The fact you and your wife have survived for a year suggests this upset has helped you find your way back to each other
Sex File: My wife's crush last year has improved our love life. Is this normal?

When one partner threatens a relationship by developing feelings for a third party, it is a wake-up call. Picture: iStock 

Last year, my wife admitted to a serious crush on a colleague. Our sex life hadn't had much passion for a while. Her confession caused an argument and she spent a few nights in the spare room, but then we somehow started having more and better sex. Is this normal?

Normal is relative but intuitively it makes sense.
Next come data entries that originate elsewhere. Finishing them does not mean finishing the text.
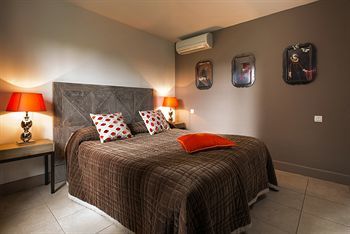 Hotel H�tel Du Clos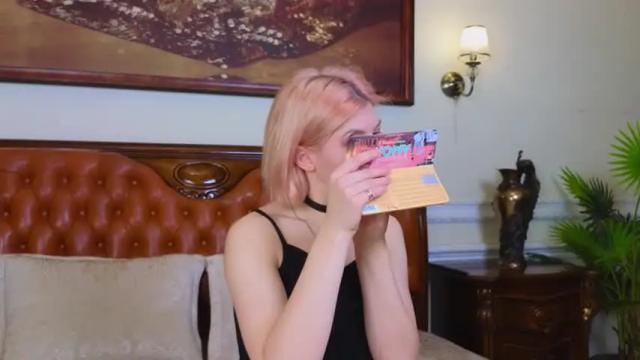 Image 7 of ayrinaston Stream on Chaturbate on 13 months ago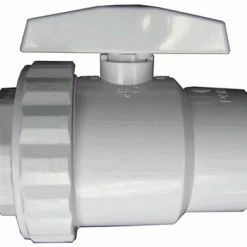 Hayward Pool And Patio 1.5" F/F Threaded Ball Valve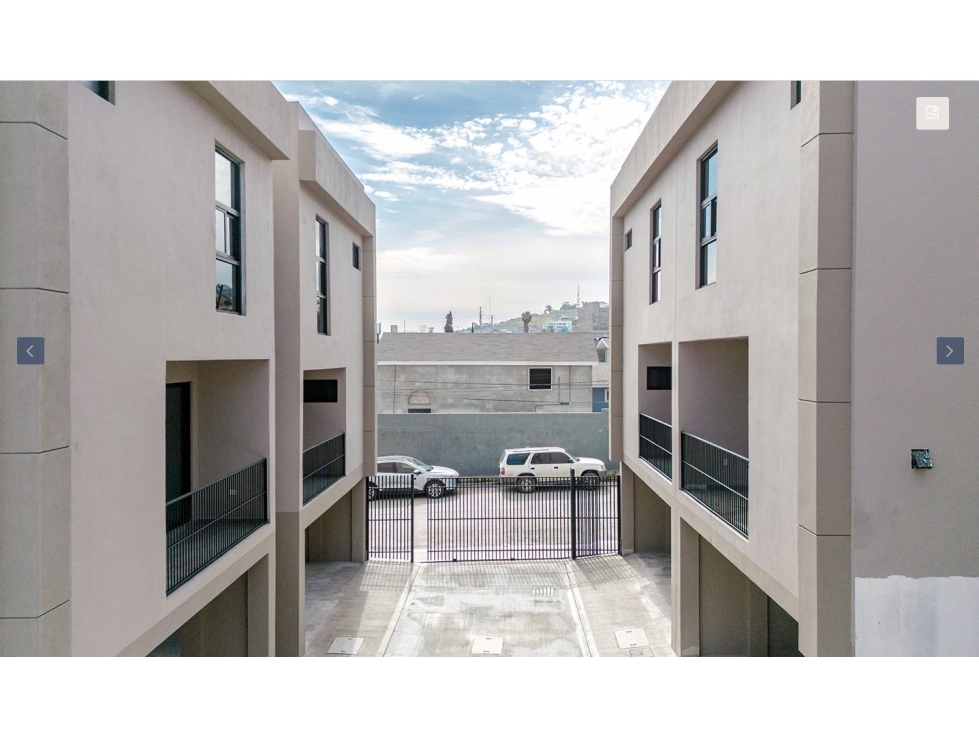 CASA EN VENTA, MODELO ERMITA EN ERMITA HOMES TIJUANA — foto 2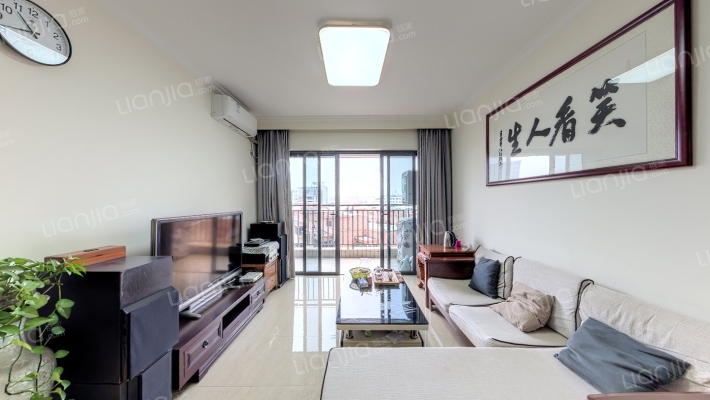 钜隆风度盛荟广场二手房实景图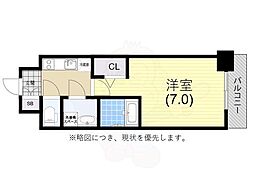 アドバンス神戸マーレ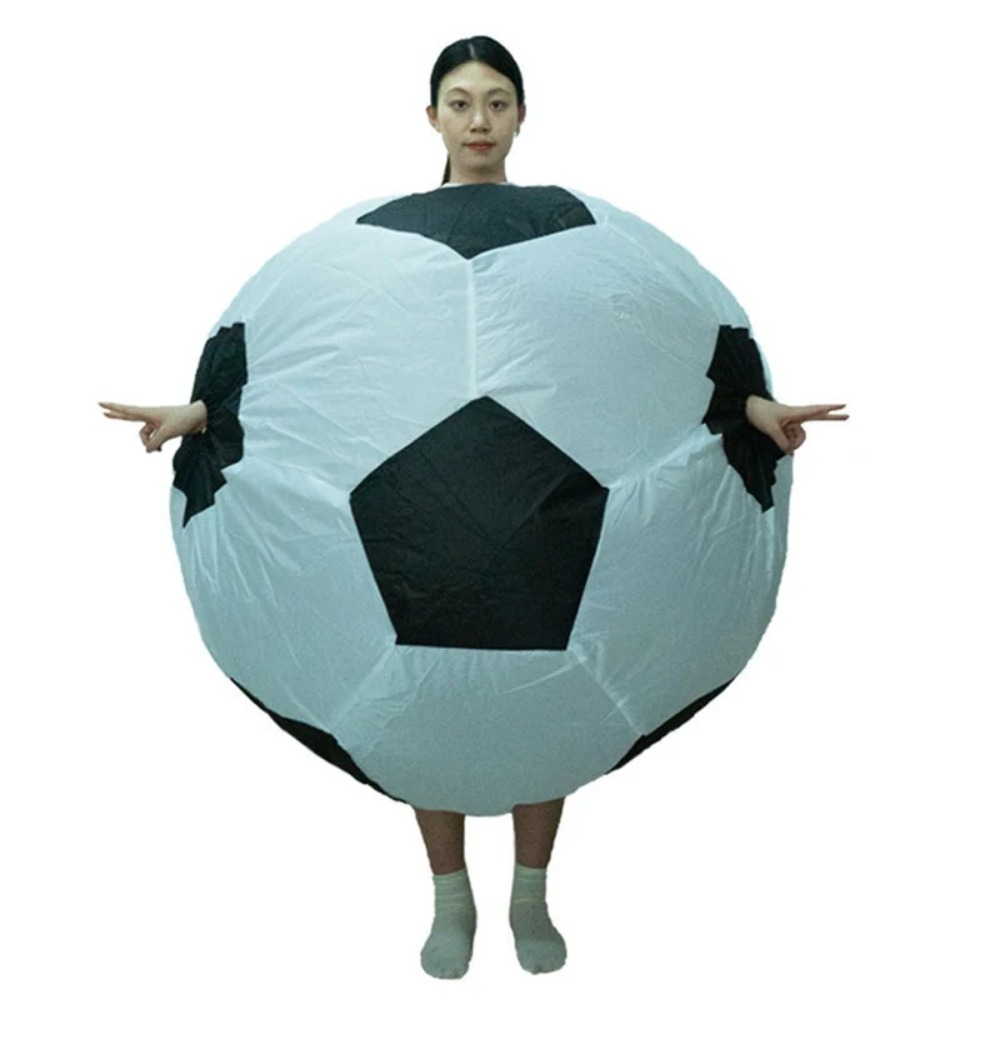 Football Competition Cosplay C – Cosplay Prop Business Bewertung und Preis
When one partner threatens a relationship by developing feelings for a third party, it is a wake-up call. Couples in long-term relationships have a tendency to lose sight of each other. It's not intentional. Life starts to compete for the attention that was once directed towards each other. Relationships begin to function on autopilot and you forget to remind each other how much you are valued. 
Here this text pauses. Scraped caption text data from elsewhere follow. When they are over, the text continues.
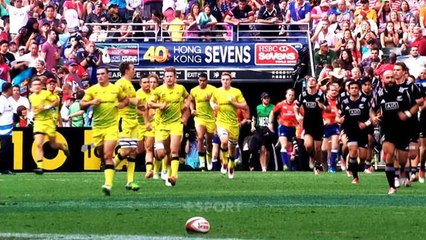 Paris Sevens - Paris 7s des vendredi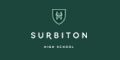 Surbiton High Senior School logo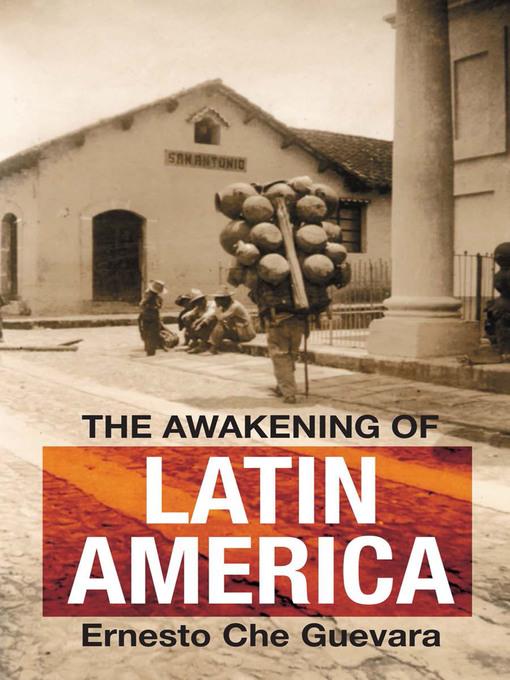 The Awakening of Latin America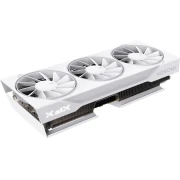 XFX Swift RX 9070 OC White Triple Fan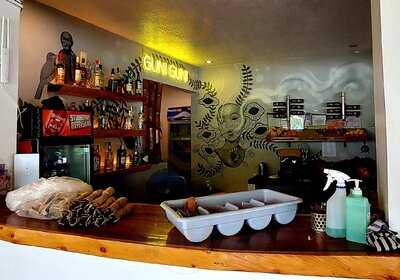 Guni Guni Bistro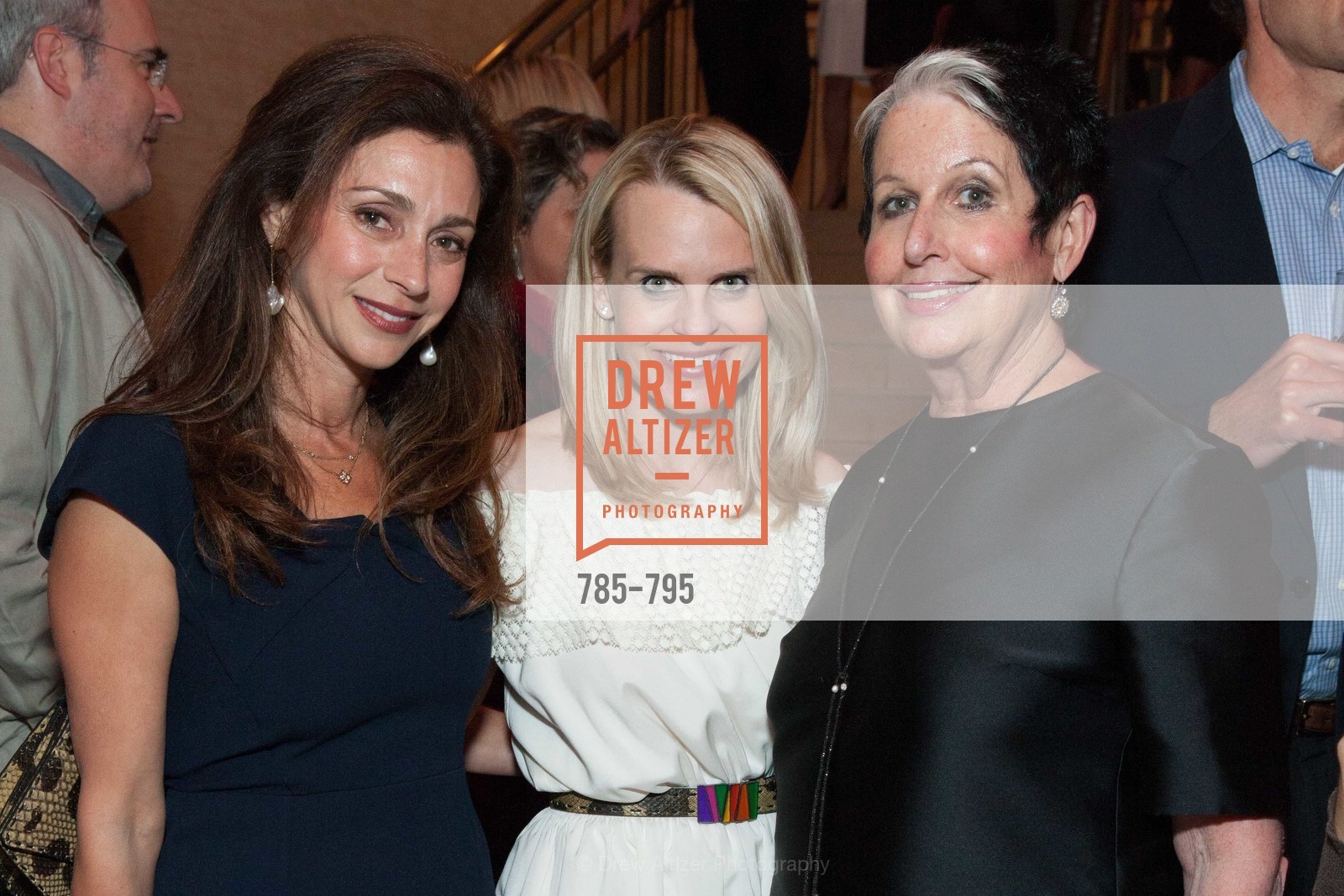 Maryam Muduroglu, Jane Mudge, Karen Kubin, COMPASS FAMILY SERVICES Annual Spring Benefit: Every Family Needs A Home, US, April 23rd, 2015,Drew Altizer, Drew Altizer Photography, full-service agency, private events, San Francisco photographer, photographer california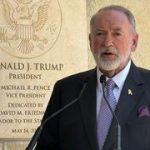 Israel supports aid to Gaza but not involved in plan, US envoy says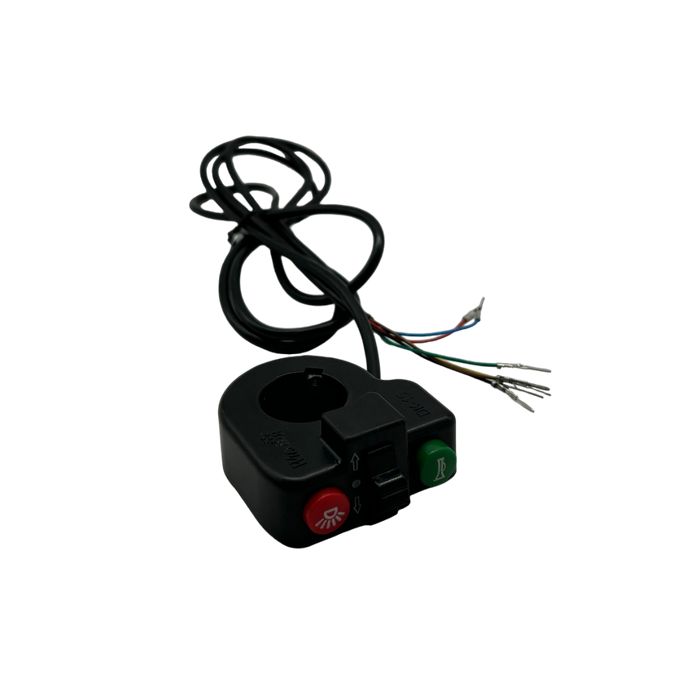 COMMODO MULTIFONCTION (KLAXON, PHARE AVANT, CLIGNOTANT) | SPW 5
Once you start taking what you have for granted, it is easier to be seduced by relationships that feel shiny and new: the colleague who makes you laugh; the personal trainer who has abs of steel; the online friend who just gets you.
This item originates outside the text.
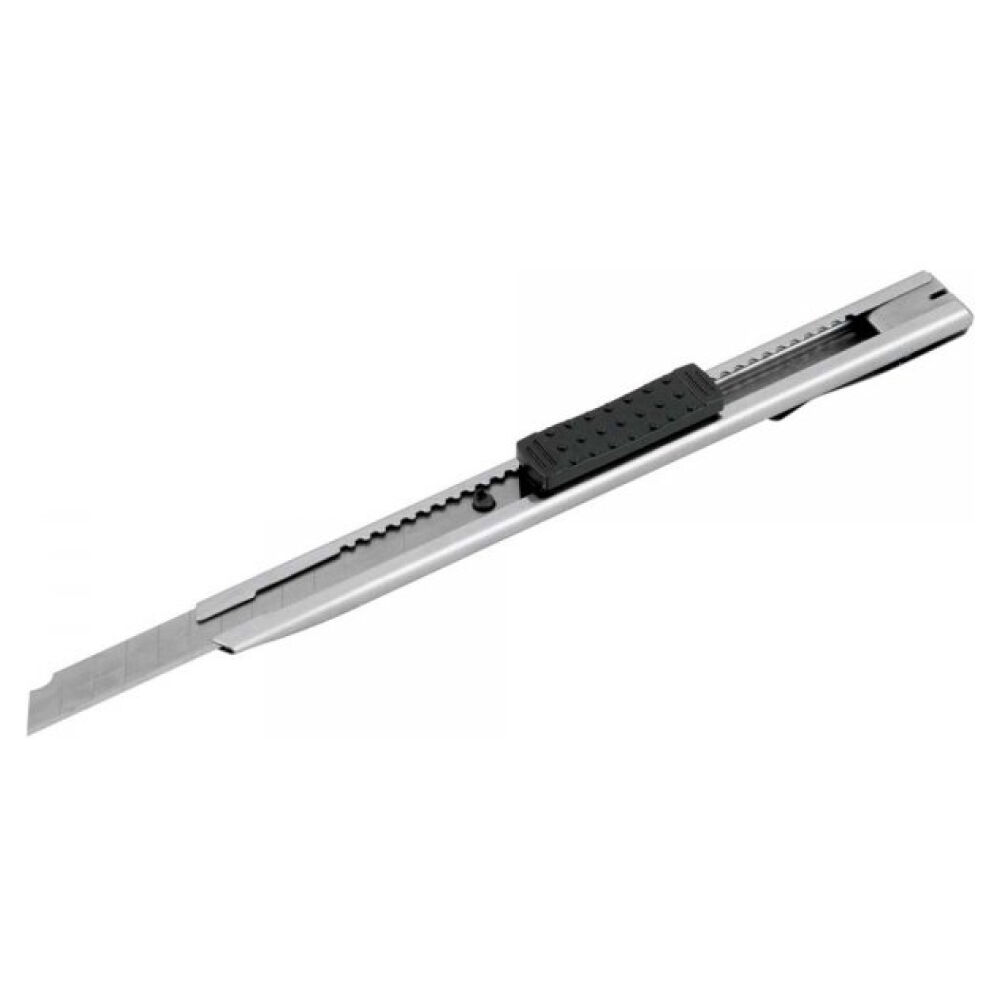 Estilete Estreito de Metal 9mm Vonder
Although there is not a huge amount of academic research on the impact of a third-party infatuation on a relationship, the research that exists confirms your experience. In 2015, a Columbia University study explored women's experiences with feelings "for someone outside their primary relationship". 

An anonymous survey was answered by 160 women who had experienced a crush during their long-term relationship. Most had been in their relationship for five to 10 years and the study found that, for a third of them, having a crush had no impact on their levels of sexual desire. However, for one in six, having a crush increased their desire for their primary partner.

The researchers theorised "women often funnelled increased sexual desire from a crush into their primary relationship". However, most of the women in the study did not disclose their crush, largely because they had no intention of acting on their feelings and did not want to jeopardise their relationships. 

Your wife has been honest with you, which suggests her crush was indeed serious. Even though they didn't have sex, telling you about it can't have been easy and I suspect it may have been a way for your wife to burst the bubble and de-idealise her colleague. Either way, it must have been a jolt to your faith in her and the stability of your marriage.

Any disclosure of emotional or sexual betrayal leaves both partners feeling vulnerable. There is often anger and recrimination, but disclosure also forces both partners to see each other as autonomous individuals and that can be a good thing. 

It makes the person who's had a crush realise what they have to lose. Similarly, the person who has been "betrayed" realises their partner has agency and can choose to leave if they want to.

If there is love there, that new sense of separateness can reignite passion, which is all the more intense because it is tempered by fear. In some couples, the sexual reunion is temporary, but the fact you and your wife have survived for a year suggests this upset has helped you find your way back to each other. Talking honestly about why this happened and what you have both learnt from the experience will further strengthen your connection.